Meditation is also “a widespread activity among people who do not have a religious view of life,” the pope added.

“We all need to meditate, to reflect, to discover ourselves, it is a human dynamic,” he said. “Especially in the voracious western world, people seek meditation because it represents a high barrier against the daily stress and emptiness that is everywhere.”

In his address, the pope distinguished between Christian meditation and other forms, while insisting that it is a good thing no matter what.

“Here, then, is the image of young people and adults sitting in meditation, in silence, with eyes half-closed,” he said. “But what do these people do, we might ask? They meditate. It is a phenomenon to be looked on favourably.”

Human beings “are not made to run all the time,” he insisted. “We have an inner life that cannot always be neglected. Meditating is therefore a need for everyone.”

“Meditating, so to say, is like stopping and taking a breath in life,” he added. “To stop and be still.”

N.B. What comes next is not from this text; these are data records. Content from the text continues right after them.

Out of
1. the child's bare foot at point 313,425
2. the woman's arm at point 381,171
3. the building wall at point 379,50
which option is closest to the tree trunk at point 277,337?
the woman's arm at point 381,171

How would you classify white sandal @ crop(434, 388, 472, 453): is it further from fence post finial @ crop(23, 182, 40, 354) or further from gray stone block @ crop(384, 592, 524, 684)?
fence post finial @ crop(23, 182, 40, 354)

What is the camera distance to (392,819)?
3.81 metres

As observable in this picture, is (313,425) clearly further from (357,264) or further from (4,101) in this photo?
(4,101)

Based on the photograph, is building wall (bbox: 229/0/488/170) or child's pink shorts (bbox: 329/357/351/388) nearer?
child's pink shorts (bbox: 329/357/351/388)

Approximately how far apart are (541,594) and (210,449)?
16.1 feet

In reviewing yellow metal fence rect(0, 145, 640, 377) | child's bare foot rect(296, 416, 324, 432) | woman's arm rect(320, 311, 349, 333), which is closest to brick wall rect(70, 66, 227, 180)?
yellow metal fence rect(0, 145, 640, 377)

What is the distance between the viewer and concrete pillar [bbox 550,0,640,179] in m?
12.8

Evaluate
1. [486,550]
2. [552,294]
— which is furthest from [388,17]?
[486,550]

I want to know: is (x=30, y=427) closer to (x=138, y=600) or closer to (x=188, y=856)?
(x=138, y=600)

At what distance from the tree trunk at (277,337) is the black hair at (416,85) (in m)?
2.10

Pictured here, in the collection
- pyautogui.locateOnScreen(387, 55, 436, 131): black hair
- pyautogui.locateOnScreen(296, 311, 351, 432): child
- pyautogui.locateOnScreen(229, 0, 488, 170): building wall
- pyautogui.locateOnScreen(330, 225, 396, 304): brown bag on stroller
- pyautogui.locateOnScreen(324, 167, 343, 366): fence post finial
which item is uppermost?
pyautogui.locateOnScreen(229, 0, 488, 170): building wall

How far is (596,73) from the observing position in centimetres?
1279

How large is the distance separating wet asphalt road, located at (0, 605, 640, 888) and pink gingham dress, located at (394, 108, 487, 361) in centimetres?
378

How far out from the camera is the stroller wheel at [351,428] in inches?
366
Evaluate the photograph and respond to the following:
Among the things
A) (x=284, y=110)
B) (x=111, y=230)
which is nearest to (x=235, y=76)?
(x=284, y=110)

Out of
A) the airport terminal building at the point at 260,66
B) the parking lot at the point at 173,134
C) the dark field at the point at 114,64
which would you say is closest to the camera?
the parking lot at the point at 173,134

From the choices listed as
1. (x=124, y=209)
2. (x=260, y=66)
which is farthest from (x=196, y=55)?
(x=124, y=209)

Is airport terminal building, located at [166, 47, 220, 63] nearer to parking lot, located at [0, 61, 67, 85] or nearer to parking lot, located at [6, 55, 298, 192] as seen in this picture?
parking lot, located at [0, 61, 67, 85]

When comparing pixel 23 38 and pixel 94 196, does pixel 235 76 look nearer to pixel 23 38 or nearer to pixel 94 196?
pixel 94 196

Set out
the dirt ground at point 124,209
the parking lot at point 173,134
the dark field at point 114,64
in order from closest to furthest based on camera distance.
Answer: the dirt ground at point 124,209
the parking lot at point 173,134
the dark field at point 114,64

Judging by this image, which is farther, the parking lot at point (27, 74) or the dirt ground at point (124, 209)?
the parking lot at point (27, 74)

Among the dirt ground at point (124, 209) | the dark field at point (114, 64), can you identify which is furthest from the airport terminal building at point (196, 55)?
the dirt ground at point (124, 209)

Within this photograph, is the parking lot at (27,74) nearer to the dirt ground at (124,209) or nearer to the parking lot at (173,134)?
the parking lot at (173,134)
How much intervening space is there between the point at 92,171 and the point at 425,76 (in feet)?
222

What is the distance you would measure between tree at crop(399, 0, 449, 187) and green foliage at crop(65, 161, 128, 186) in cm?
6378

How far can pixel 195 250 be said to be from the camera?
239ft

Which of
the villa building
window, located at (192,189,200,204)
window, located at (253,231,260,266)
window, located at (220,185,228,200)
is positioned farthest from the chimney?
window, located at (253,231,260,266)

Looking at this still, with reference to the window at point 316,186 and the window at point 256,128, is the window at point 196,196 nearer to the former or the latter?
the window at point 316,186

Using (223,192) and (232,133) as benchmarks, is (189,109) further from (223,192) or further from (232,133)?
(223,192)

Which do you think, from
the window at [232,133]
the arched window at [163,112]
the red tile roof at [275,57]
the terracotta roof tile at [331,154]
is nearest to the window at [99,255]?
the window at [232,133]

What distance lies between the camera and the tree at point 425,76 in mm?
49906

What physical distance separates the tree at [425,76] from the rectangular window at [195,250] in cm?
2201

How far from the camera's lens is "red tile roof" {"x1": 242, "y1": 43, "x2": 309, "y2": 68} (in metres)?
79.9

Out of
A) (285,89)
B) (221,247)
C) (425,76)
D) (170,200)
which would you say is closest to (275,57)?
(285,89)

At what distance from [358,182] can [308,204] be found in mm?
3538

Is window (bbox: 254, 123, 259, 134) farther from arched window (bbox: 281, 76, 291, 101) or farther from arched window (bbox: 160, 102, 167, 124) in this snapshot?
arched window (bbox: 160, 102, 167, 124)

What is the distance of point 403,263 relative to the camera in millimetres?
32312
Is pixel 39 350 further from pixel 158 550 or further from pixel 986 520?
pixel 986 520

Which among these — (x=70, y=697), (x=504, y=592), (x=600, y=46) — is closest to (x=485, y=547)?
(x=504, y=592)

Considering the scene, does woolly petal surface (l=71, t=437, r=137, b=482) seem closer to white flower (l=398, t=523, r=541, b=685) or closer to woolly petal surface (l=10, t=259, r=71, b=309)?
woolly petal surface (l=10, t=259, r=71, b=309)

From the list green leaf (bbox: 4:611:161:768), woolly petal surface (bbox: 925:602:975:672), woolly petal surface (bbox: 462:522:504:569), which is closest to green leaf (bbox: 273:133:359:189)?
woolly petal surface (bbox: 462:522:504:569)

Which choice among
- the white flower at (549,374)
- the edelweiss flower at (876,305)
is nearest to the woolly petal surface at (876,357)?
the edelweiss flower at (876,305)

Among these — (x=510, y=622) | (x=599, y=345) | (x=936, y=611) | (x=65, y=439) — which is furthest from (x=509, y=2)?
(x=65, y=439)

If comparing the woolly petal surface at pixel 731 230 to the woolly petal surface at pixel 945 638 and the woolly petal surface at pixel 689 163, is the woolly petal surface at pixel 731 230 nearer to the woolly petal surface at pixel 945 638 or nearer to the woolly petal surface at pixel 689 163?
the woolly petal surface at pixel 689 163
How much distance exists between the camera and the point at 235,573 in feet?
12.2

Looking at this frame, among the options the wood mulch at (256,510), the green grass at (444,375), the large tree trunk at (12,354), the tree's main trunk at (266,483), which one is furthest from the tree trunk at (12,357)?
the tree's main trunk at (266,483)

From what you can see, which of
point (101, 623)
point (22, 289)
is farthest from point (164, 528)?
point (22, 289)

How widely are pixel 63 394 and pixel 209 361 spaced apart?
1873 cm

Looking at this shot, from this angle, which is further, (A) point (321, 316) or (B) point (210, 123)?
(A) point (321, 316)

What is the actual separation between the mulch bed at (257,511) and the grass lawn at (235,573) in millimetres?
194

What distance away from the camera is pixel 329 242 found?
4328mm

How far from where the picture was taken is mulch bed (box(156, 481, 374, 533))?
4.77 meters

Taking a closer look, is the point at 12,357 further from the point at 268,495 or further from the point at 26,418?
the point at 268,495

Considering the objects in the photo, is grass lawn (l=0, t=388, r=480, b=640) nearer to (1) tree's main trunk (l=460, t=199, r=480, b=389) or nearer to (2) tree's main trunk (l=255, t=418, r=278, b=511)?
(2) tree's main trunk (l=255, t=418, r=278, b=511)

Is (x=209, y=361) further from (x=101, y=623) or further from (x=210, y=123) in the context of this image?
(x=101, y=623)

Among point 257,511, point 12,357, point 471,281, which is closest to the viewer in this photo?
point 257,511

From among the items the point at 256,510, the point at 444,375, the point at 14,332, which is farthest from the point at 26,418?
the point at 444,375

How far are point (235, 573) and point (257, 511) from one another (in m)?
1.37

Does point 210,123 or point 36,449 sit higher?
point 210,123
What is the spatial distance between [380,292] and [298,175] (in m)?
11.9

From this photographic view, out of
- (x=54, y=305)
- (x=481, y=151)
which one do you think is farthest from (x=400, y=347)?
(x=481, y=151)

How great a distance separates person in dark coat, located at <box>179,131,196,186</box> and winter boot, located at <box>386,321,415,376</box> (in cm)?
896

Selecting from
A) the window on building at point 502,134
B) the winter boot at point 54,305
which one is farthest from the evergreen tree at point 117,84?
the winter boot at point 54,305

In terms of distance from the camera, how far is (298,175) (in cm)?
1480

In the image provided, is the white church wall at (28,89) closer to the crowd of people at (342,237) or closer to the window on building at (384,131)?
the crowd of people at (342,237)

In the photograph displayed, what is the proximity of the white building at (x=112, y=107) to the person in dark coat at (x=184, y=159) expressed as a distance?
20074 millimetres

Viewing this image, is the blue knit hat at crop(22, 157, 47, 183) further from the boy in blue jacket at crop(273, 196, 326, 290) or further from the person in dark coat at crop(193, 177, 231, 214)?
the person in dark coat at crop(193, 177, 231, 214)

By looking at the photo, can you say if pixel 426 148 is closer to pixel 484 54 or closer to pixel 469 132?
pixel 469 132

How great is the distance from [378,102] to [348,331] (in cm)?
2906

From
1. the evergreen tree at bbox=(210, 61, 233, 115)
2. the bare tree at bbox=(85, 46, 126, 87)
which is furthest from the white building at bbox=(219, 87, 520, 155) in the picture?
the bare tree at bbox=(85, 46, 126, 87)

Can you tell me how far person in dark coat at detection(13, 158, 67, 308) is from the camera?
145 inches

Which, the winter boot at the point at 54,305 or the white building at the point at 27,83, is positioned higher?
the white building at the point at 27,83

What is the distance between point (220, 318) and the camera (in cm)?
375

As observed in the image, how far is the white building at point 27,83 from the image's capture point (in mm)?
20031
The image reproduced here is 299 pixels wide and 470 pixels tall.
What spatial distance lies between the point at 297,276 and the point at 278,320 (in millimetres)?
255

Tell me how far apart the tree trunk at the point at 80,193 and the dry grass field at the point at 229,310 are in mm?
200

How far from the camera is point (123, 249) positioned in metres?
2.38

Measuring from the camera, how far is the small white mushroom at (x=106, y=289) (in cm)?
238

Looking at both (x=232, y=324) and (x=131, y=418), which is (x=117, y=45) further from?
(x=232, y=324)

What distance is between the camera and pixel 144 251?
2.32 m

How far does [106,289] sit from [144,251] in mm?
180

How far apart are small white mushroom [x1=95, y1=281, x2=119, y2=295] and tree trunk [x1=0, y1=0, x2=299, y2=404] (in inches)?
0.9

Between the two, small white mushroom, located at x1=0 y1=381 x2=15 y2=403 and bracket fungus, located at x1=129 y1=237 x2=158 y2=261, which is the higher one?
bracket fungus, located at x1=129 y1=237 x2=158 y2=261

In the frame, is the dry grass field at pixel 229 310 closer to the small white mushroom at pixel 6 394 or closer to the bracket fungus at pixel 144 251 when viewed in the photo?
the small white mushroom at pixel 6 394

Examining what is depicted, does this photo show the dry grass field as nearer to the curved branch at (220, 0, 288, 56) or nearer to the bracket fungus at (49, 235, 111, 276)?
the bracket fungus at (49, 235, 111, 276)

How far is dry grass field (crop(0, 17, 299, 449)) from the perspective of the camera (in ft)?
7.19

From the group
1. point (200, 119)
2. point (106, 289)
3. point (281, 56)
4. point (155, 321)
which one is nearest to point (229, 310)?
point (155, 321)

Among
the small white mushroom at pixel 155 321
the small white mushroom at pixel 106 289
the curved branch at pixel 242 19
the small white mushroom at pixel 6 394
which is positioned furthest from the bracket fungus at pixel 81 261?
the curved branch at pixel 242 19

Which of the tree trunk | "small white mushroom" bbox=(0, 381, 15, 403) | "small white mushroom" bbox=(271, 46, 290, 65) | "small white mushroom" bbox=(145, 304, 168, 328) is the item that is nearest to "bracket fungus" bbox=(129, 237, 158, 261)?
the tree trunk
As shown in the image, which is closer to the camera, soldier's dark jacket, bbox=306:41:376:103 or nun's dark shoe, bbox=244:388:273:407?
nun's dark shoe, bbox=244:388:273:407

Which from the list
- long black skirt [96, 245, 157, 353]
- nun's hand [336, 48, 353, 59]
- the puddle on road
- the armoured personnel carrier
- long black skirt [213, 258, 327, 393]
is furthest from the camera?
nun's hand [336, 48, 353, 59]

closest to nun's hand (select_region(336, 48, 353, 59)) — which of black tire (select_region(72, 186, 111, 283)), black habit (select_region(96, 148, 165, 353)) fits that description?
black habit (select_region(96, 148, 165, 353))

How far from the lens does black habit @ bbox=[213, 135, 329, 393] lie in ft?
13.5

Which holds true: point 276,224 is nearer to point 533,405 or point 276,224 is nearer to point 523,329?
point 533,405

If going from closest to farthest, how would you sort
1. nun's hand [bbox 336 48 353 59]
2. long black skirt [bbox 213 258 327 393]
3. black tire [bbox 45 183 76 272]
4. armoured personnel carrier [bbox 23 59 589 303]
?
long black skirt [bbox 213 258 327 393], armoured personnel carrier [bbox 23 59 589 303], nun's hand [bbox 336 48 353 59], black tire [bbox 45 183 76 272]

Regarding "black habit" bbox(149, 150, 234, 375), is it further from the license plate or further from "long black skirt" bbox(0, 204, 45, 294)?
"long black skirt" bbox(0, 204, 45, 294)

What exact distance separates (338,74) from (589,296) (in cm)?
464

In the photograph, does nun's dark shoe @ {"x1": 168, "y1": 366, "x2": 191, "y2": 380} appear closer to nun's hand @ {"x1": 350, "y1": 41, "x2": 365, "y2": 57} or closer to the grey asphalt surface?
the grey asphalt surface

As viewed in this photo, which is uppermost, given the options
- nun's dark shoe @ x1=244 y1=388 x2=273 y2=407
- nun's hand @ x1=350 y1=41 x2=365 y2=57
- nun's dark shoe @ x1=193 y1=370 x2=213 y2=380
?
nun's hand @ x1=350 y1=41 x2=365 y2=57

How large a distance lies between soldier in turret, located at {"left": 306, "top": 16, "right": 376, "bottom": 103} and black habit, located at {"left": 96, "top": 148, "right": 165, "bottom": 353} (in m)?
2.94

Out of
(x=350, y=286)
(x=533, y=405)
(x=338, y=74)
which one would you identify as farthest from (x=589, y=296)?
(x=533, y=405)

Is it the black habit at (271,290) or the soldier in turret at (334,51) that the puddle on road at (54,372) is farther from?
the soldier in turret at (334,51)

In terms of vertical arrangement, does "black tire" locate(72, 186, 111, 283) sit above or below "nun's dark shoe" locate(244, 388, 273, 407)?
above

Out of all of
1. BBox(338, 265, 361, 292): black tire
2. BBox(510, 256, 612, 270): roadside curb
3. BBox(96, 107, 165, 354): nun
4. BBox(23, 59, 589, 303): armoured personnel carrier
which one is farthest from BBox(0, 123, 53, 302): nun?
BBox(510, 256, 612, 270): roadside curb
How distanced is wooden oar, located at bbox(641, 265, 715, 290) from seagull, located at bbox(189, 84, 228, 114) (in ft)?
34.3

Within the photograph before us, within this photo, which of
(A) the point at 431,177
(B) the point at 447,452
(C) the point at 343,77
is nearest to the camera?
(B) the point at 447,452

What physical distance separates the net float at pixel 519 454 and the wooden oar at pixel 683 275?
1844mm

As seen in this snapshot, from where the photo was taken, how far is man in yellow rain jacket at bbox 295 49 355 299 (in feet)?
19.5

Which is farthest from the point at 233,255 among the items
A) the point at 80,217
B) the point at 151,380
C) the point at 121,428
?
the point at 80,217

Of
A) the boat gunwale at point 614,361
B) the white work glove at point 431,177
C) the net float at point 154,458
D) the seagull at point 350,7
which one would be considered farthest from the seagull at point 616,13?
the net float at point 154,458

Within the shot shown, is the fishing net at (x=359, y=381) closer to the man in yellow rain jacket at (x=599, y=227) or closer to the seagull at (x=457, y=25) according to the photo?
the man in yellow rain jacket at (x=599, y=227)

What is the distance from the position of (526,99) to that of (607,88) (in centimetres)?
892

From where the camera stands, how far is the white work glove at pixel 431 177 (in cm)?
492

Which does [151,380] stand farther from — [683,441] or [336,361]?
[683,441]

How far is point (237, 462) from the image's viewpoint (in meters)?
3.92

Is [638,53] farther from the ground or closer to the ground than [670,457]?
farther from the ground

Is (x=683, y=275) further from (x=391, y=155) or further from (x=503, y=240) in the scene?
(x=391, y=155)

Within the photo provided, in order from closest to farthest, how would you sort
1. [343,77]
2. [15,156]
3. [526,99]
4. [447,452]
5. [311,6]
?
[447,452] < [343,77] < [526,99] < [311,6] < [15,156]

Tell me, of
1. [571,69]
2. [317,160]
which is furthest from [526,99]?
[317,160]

While meditating is a “necessary human dimension,” Francis said, Christians must go further.

“For the Christian, meditation enters through the door of Jesus Christ,” he said. “The practice of meditation also follows this path.”

Moreover, in meditating, the Christian “does not aspire to full self-transparency, does not seek the deepest centre of the ego,” he said. “This is legitimate, but the Christian seeks something else.”

“The prayer of the Christian is first of all an encounter with the Other, with a capital “O”: the transcendent encounter with God,” he asserted.

The pope also stated that while there are many and varied methods of meditation “a method is only a guide; the important thing is to advance, with the Holy Spirit, along the one way of prayer: Christ Jesus.”

“This is why it must always be remembered that the method is a path, not a goal,” he said, and “any method of prayer, if it is to be Christian, is part of that sequela Christi that is the essence of our faith.”

“The methods of meditation are paths to travel to arrive at the encounter with Jesus, but if you stop on the road, and just look at the path, you will never find Jesus,” he warned. “You will make a ‘god’ out of the path.”

“The ‘god’ is not waiting for you there, it is Jesus who awaits you,” he said. “And the path is there to take you to Jesus.”